Oil and natural gas revenues increased $23.9 million or 22% in the first quarter of 2012 as compared to the first quarter of 2011 primarily due to an increase in equivalent production volumes of 20% and an increase in oil prices somewhat offset by decreases in prices for NGLs and natural gas. Average oil prices between the comparative quarters increased 14% to $95.81 per barrel, NGL prices decreased 2% to $38.81 per barrel and natural gas prices decreased 22% to $3.36 per Mcf. In the first quarter of 2012, as compared to the first quarter of 2011, oil production increased 30%, NGL production increased 37% and natural gas production increased 11%. The increase in production came primarily from oil and NGL rich prospects where we completed and brought new wells online and, to a lesser extent, from production associated with previous acquisitions. Production for the first quarter of 2012 was negatively impacted approximately 461 MMcfe by an unexpected shut-in of some of our production from operational issues experienced at third-party facilities associated with our Granite Wash and Wilcox plays.

Oil and natural gas operating costs increased $4.8 million or 16% between the comparative first quarters of 2012 and 2011 due to increases in lease operating expenses primarily from increased workover, saltwater disposal fees and compression dehydration expense partially offset by lower gross production taxes. Lease operating expenses per Boe decreased 1% to $6.87.

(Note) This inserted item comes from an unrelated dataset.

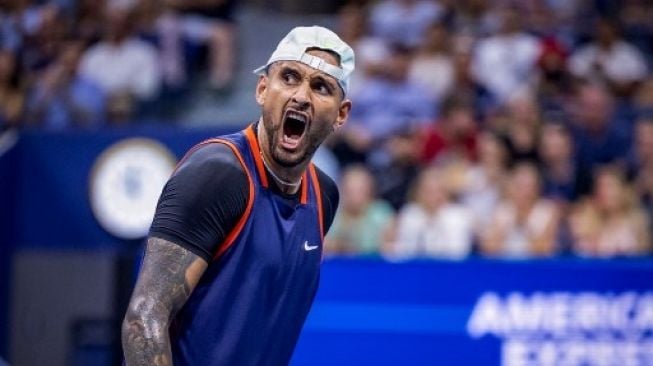 Hasil US Open 2022: Nick Kyrgios Singkirkan Juara Bertahan Daniil Medvedev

Depreciation, depletion and amortization (“DD&A”) increased $11.9 million or 30% primarily due to an 8% increase in our DD&A rate and a 20% increase in equivalent production. The increase in our DD&A rate in the first quarter of 2012 compared to the first quarter of 2011 resulted primarily from increases throughout 2011 and the first quarter of 2012 from increased net book value on new reserves added. Our DD&A expense on our oil and natural gas properties is calculated each quarter utilizing period end reserve quantities adjusted for current period production.

Mid-Stream

Our mid-stream revenues were $17.5 million or 44% higher for the first quarter of 2012 as compared to the first quarter of 2011 primarily due to higher NGL volumes sold offset by lower prices. Gas processing volumes per day increased 79% between the comparative quarters and NGLs sold per day increased 59% between the comparative quarters. The increase in volumes processed per day is primarily attributable to the volumes added from new wells connected to existing systems and increased capacity of processing facilities. NGLs sold volumes per day increased due to an increase in volumes processed, upgrades to several of our processing facilities and the doubling in size of our Hemphill facility in the Texas Panhandle. Gas gathering volumes per day increased 35% primarily from well connections. The average price for natural gas sold decreased 37% and the average price for NGLs sold decreased 12%.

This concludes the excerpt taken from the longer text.